Input for this task:
----

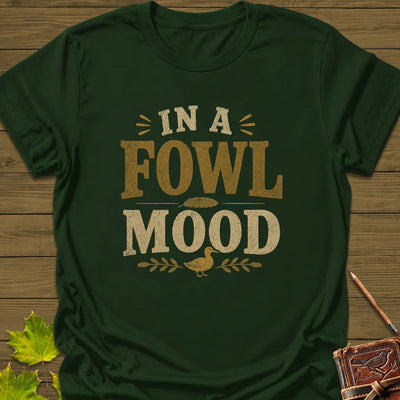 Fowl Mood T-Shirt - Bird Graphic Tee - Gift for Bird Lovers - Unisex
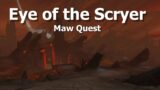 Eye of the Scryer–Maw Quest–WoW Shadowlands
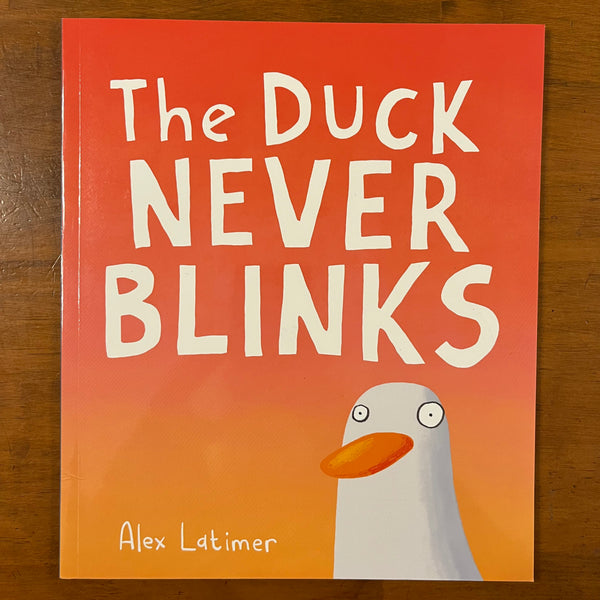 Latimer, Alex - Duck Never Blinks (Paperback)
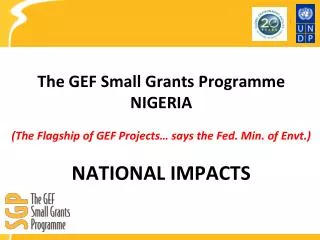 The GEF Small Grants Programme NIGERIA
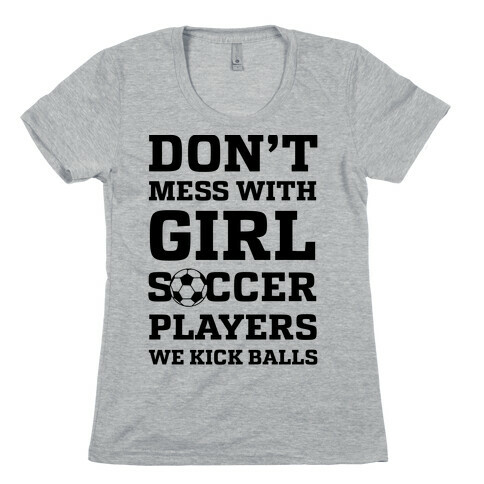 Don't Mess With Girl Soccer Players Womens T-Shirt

----

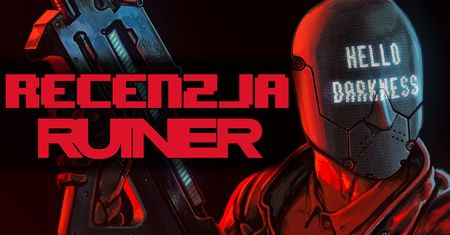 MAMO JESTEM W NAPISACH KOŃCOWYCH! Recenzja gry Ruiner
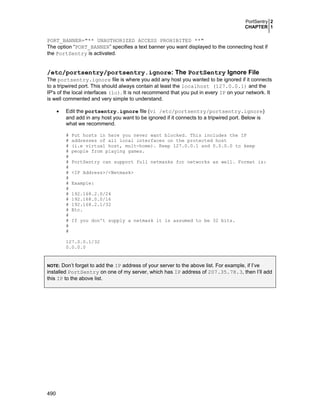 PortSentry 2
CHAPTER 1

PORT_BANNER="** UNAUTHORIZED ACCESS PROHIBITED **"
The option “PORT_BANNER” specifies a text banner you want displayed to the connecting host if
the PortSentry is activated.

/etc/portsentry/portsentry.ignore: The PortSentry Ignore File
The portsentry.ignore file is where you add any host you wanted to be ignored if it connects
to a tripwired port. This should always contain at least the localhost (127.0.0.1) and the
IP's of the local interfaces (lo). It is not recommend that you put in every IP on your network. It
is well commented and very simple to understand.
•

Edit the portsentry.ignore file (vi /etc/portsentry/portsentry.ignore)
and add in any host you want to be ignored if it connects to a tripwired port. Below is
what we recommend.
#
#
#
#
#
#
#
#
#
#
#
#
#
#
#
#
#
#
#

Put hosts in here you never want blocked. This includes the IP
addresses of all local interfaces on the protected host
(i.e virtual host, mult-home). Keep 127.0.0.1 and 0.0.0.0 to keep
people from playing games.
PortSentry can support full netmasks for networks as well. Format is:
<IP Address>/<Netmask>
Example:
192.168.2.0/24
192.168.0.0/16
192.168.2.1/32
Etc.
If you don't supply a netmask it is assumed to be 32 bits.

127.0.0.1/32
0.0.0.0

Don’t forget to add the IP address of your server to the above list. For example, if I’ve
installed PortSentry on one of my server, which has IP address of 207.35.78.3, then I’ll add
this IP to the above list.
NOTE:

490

----

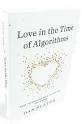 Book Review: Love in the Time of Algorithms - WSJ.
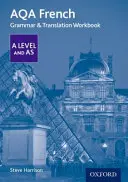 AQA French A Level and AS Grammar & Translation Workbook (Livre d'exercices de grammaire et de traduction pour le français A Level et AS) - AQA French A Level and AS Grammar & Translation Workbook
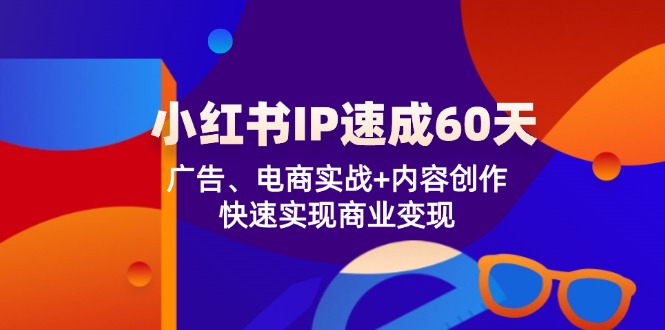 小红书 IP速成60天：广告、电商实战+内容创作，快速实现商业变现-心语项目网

----

Work to complete: Repeat exactly the stretch of the listing above that starts with the line holding "Fowl Mood T-Shirt" and finishes with the line holding "Don't Mess With", both included. Skip every picture.

Task output:
 Fowl Mood T-Shirt - Bird Graphic Tee - Gift for Bird Lovers - Unisex
 Eye of the Scryer–Maw Quest–WoW Shadowlands
 Latimer, Alex - Duck Never Blinks (Paperback)
 The GEF Small Grants Programme NIGERIA
 Don't Mess With Girl Soccer Players Womens T-Shirt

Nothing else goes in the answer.